Closed mgrbyte closed 4 years ago
Multi-DB setup sounds good to me! It's quite a neat PR that you've put together.
I'm just curious that if we will continue to build Datomic databases from scratch each release, is it still preferable that we separate the homology data from the rest?
I think so. This approach (separate db) was suggested by @khowe , but is something that we've discussed before...
Currently, a subset of the data that's stored in the final/build ACeDB database is computed as a result of running various EnsEMBL pipelines (Compara, BLASTP, etc). Where possible, moving the data that's computed into a separate store makes sense - as adding back into the main database "ties our hands" in the long term to making a build database.
It can be argued that datomic isn't the right database platform for storing such computed data,
as all schema items have no useful history (and should be marked with :db/noHistory
in the schema for the new db if not already).

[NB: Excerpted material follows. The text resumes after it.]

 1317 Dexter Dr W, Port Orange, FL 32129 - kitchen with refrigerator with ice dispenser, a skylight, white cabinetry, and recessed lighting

I believe the choice of using datomic here (instead of some other DB) is one of convenience, familiarity and expediency.
@mgrbyte Thanks a lot for explaining the reasoning.
@a8wright @sibyl229 Just to note that I'm currently doing another run of the main migration (WS273) with this code, just to check that these changes won't break subsequent migration runs. Once done, I'll merge this. Thanks!
Implements #81 (No rush to merge this - prefer we test the db first; can make any amendments to this PR)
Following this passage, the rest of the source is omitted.